#### Activity
Exactly as written, set down every entry once more.

#### Records provided

Segment Open

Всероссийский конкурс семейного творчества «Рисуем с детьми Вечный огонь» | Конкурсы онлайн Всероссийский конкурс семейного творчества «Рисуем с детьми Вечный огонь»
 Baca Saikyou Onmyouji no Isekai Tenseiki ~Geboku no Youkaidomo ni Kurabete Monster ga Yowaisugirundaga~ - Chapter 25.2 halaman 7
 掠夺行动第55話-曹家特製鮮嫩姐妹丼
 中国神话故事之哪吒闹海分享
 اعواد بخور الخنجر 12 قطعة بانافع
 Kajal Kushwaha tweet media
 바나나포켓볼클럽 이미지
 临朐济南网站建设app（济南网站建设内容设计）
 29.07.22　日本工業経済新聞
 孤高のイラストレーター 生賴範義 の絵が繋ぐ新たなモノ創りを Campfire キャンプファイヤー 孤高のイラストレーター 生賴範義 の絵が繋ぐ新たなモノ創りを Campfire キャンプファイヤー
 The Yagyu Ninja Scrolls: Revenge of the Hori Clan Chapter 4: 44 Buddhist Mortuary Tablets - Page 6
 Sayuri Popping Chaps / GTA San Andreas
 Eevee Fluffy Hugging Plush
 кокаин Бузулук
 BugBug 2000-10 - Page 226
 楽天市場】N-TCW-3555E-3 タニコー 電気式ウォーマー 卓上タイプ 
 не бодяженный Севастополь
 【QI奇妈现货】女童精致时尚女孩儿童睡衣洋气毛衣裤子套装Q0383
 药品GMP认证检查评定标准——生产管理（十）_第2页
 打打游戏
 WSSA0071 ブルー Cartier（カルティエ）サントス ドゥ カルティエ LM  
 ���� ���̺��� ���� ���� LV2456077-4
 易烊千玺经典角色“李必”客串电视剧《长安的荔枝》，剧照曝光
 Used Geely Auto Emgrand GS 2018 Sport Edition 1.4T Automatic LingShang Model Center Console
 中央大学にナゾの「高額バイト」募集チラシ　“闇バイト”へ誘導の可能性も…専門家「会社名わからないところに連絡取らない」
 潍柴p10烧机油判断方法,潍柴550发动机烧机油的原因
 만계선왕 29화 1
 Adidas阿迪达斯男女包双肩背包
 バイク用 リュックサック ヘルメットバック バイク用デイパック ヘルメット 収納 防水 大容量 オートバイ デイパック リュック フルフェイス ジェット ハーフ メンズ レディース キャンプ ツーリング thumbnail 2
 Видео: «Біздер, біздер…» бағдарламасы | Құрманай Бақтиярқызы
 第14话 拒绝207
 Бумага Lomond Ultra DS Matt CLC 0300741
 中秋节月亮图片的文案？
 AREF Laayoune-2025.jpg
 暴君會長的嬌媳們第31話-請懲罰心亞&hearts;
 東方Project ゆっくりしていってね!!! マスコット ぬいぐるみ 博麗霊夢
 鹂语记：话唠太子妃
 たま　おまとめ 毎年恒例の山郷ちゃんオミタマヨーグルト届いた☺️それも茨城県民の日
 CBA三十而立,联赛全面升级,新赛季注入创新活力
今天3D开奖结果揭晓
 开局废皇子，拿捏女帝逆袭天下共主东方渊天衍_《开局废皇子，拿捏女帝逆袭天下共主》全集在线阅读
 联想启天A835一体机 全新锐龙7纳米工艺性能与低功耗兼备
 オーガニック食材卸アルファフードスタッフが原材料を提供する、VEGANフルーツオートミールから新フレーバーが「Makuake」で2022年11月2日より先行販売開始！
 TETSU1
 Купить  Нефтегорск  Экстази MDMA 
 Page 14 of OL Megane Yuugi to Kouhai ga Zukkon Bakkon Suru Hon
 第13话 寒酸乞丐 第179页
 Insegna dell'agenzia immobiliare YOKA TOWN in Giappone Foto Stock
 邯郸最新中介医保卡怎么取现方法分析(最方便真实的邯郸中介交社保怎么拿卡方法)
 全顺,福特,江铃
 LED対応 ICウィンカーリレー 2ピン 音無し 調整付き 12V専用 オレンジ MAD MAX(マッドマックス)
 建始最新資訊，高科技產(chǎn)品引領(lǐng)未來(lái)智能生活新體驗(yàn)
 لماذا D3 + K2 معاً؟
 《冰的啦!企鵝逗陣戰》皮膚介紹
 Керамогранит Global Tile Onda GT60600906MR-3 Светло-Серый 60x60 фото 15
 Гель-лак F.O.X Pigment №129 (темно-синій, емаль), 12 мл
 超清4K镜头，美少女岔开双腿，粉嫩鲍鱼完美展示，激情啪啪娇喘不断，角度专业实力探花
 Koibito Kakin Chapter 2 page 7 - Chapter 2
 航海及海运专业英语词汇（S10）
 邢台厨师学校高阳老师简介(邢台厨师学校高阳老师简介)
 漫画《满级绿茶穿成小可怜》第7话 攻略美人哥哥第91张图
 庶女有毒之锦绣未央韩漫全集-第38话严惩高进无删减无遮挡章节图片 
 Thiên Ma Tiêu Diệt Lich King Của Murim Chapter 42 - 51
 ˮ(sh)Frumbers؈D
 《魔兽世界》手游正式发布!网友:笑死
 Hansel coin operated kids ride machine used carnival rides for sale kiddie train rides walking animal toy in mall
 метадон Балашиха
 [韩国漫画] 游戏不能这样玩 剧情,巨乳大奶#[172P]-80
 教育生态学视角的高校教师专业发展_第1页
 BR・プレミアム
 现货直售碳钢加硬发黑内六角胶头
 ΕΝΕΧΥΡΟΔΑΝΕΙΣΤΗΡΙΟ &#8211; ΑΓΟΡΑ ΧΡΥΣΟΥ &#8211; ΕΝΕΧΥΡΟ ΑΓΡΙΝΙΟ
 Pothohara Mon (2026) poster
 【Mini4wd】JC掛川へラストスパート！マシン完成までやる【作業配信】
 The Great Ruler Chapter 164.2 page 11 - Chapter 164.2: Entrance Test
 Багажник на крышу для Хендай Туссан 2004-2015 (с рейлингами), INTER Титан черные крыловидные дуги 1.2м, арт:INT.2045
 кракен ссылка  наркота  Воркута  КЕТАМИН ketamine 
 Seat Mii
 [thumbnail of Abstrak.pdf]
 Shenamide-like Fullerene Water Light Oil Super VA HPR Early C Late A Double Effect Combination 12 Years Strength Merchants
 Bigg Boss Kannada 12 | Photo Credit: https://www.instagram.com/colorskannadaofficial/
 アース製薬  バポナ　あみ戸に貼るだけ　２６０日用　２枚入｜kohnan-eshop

Segment Closed

#### Answer to the problem
Всероссийский конкурс семейного творчества «Рисуем с детьми Вечный огонь» | Конкурсы онлайн Всероссийский конкурс семейного творчества «Рисуем с детьми Вечный огонь»
 Baca Saikyou Onmyouji no Isekai Tenseiki ~Geboku no Youkaidomo ni Kurabete Monster ga Yowaisugirundaga~ - Chapter 25.2 halaman 7
 掠夺行动第55話-曹家特製鮮嫩姐妹丼
 中国神话故事之哪吒闹海分享
 اعواد بخور الخنجر 12 قطعة بانافع
 Kajal Kushwaha tweet media
 바나나포켓볼클럽 이미지
 临朐济南网站建设app（济南网站建设内容设计）
 29.07.22　日本工業経済新聞
 孤高のイラストレーター 生賴範義 の絵が繋ぐ新たなモノ創りを Campfire キャンプファイヤー 孤高のイラストレーター 生賴範義 の絵が繋ぐ新たなモノ創りを Campfire キャンプファイヤー
 The Yagyu Ninja Scrolls: Revenge of the Hori Clan Chapter 4: 44 Buddhist Mortuary Tablets - Page 6
 Sayuri Popping Chaps / GTA San Andreas
 Eevee Fluffy Hugging Plush
 кокаин Бузулук
 BugBug 2000-10 - Page 226
 楽天市場】N-TCW-3555E-3 タニコー 電気式ウォーマー 卓上タイプ 
 не бодяженный Севастополь
 【QI奇妈现货】女童精致时尚女孩儿童睡衣洋气毛衣裤子套装Q0383
 药品GMP认证检查评定标准——生产管理（十）_第2页
 打打游戏
 WSSA0071 ブルー Cartier（カルティエ）サントス ドゥ カルティエ LM  
 ���� ���̺��� ���� ���� LV2456077-4
 易烊千玺经典角色“李必”客串电视剧《长安的荔枝》，剧照曝光
 Used Geely Auto Emgrand GS 2018 Sport Edition 1.4T Automatic LingShang Model Center Console
 中央大学にナゾの「高額バイト」募集チラシ　“闇バイト”へ誘導の可能性も…専門家「会社名わからないところに連絡取らない」
 潍柴p10烧机油判断方法,潍柴550发动机烧机油的原因
 만계선왕 29화 1
 Adidas阿迪达斯男女包双肩背包
 バイク用 リュックサック ヘルメットバック バイク用デイパック ヘルメット 収納 防水 大容量 オートバイ デイパック リュック フルフェイス ジェット ハーフ メンズ レディース キャンプ ツーリング thumbnail 2
 Видео: «Біздер, біздер…» бағдарламасы | Құрманай Бақтиярқызы
 第14话 拒绝207
 Бумага Lomond Ultra DS Matt CLC 0300741
 中秋节月亮图片的文案？
 AREF Laayoune-2025.jpg
 暴君會長的嬌媳們第31話-請懲罰心亞&hearts;
 東方Project ゆっくりしていってね!!! マスコット ぬいぐるみ 博麗霊夢
 鹂语记：话唠太子妃
 たま　おまとめ 毎年恒例の山郷ちゃんオミタマヨーグルト届いた☺️それも茨城県民の日
 CBA三十而立,联赛全面升级,新赛季注入创新活力
今天3D开奖结果揭晓
 开局废皇子，拿捏女帝逆袭天下共主东方渊天衍_《开局废皇子，拿捏女帝逆袭天下共主》全集在线阅读
 联想启天A835一体机 全新锐龙7纳米工艺性能与低功耗兼备
 オーガニック食材卸アルファフードスタッフが原材料を提供する、VEGANフルーツオートミールから新フレーバーが「Makuake」で2022年11月2日より先行販売開始！
 TETSU1
 Купить  Нефтегорск  Экстази MDMA 
 Page 14 of OL Megane Yuugi to Kouhai ga Zukkon Bakkon Suru Hon
 第13话 寒酸乞丐 第179页
 Insegna dell'agenzia immobiliare YOKA TOWN in Giappone Foto Stock
 邯郸最新中介医保卡怎么取现方法分析(最方便真实的邯郸中介交社保怎么拿卡方法)
 全顺,福特,江铃
 LED対応 ICウィンカーリレー 2ピン 音無し 調整付き 12V専用 オレンジ MAD MAX(マッドマックス)
 建始最新資訊，高科技產(chǎn)品引領(lǐng)未來(lái)智能生活新體驗(yàn)
 لماذا D3 + K2 معاً؟
 《冰的啦!企鵝逗陣戰》皮膚介紹
 Керамогранит Global Tile Onda GT60600906MR-3 Светло-Серый 60x60 фото 15
 Гель-лак F.O.X Pigment №129 (темно-синій, емаль), 12 мл
 超清4K镜头，美少女岔开双腿，粉嫩鲍鱼完美展示，激情啪啪娇喘不断，角度专业实力探花
 Koibito Kakin Chapter 2 page 7 - Chapter 2
 航海及海运专业英语词汇（S10）
 邢台厨师学校高阳老师简介(邢台厨师学校高阳老师简介)
 漫画《满级绿茶穿成小可怜》第7话 攻略美人哥哥第91张图
 庶女有毒之锦绣未央韩漫全集-第38话严惩高进无删减无遮挡章节图片 
 Thiên Ma Tiêu Diệt Lich King Của Murim Chapter 42 - 51
 ˮ(sh)Frumbers؈D
 《魔兽世界》手游正式发布!网友:笑死
 Hansel coin operated kids ride machine used carnival rides for sale kiddie train rides walking animal toy in mall
 метадон Балашиха
 [韩国漫画] 游戏不能这样玩 剧情,巨乳大奶#[172P]-80
 教育生态学视角的高校教师专业发展_第1页
 BR・プレミアム
 现货直售碳钢加硬发黑内六角胶头
 ΕΝΕΧΥΡΟΔΑΝΕΙΣΤΗΡΙΟ &#8211; ΑΓΟΡΑ ΧΡΥΣΟΥ &#8211; ΕΝΕΧΥΡΟ ΑΓΡΙΝΙΟ
 Pothohara Mon (2026) poster
 【Mini4wd】JC掛川へラストスパート！マシン完成までやる【作業配信】
 The Great Ruler Chapter 164.2 page 11 - Chapter 164.2: Entrance Test
 Багажник на крышу для Хендай Туссан 2004-2015 (с рейлингами), INTER Титан черные крыловидные дуги 1.2м, арт:INT.2045
 кракен ссылка  наркота  Воркута  КЕТАМИН ketamine 
 Seat Mii
 [thumbnail of Abstrak.pdf]
 Shenamide-like Fullerene Water Light Oil Super VA HPR Early C Late A Double Effect Combination 12 Years Strength Merchants
 Bigg Boss Kannada 12 | Photo Credit: https://www.instagram.com/colorskannadaofficial/
 アース製薬  バポナ　あみ戸に貼るだけ　２６０日用　２枚入｜kohnan-eshop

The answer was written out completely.